The role of CSD should be confined to security
guarding
the perimeter of the centre and monitoring life in the camps to ensure that there are no serious disturbances. Responsibility for centre management should be transferred to welfare agencies, with a brief to stimulate refugee involvement. This is common practice in other countries and may well cost less than the present system. We urge the government to begin discussing this possibility with welfare agencies it should not necessarily restrict its discussions to those agencies already working in the
centres.
The government has said that if conditions in the centres were improved more refugees would come to Hong Kong. There is no evidence to support this view. On the contrary, there is a growing feeling that UNLESS conditions in the centres are improved, it will be Hong Kong that suffers.
People who are confined in a prison and denied education or any meaningful activity for years on end inevitably lose touch with normal life. Mr French told us he was dismayed by what he called the "mental deadness" of the refugees in the closed centres, but that is the clear result of their prolonged incarceration. The longer they stay there the less attractive they become to resettlement countries. The centres offer very little scope for the refugees to develop or to demonstrate their skills and abilities.

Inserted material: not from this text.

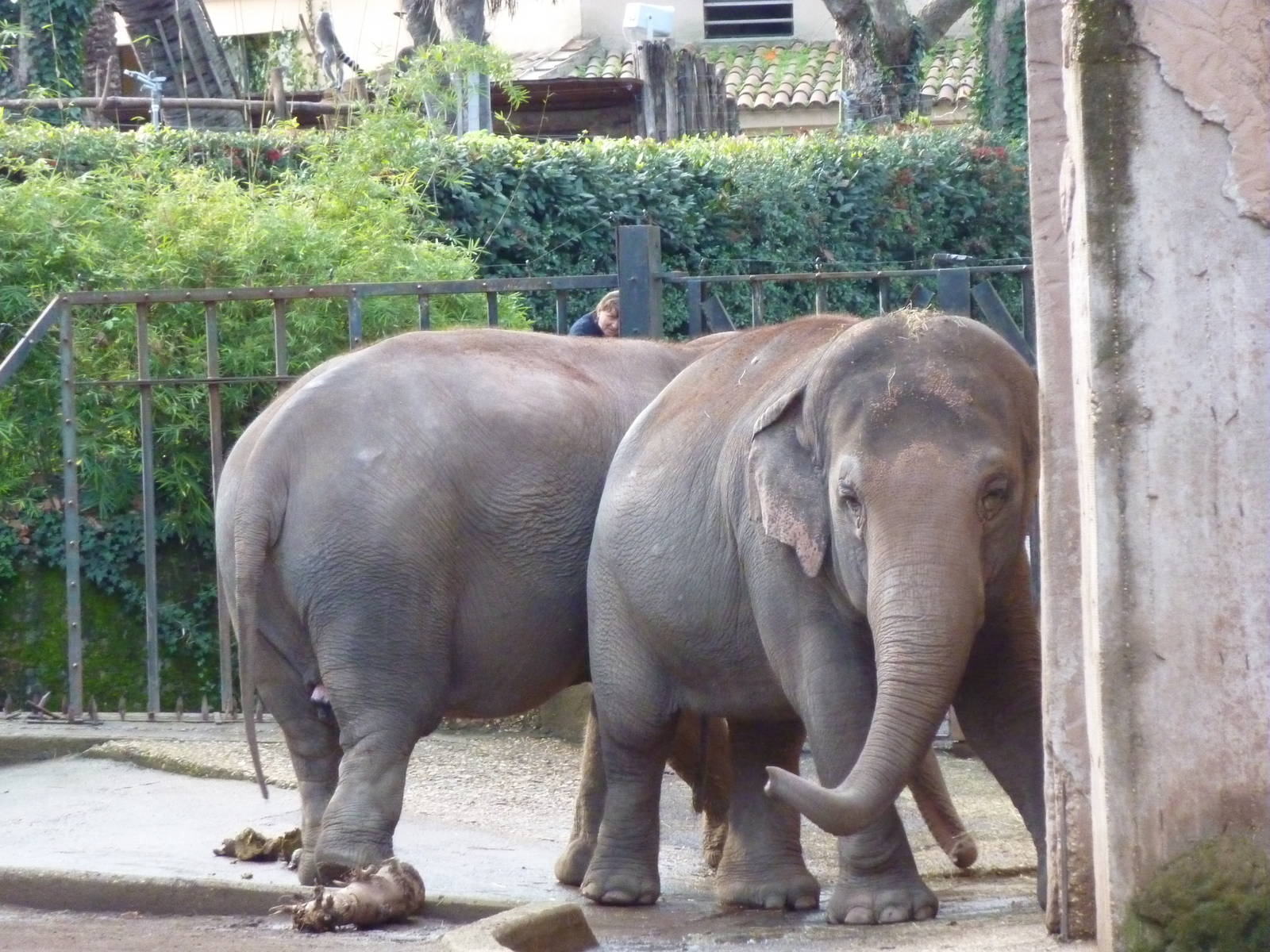 Bioparco Roma - Elephants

Single young men are a particular concern. There are 930 of them in the three main closed centres. They now represent 15 per cent of the total population of these centres, up from 12 per cent in April 1986. A single young man with no family ties overseas knows that his prospects are bleak, even if he is of exemplary character. Some have been in the closed centres for four or five years and have never once been interviewed for resettlement.
As
Mr Champion warned: "Sixteen to seventeen year old boys have grown up over the last five years in an abnormal enclosed environment where traditional Vietnamese values, normal societal values and public opinion have ceased to exist. a result ... these people are almost totally unresettleable. No matter where they go, be it Vietnam, Hong Kong, America or Australia, they will cause trouble."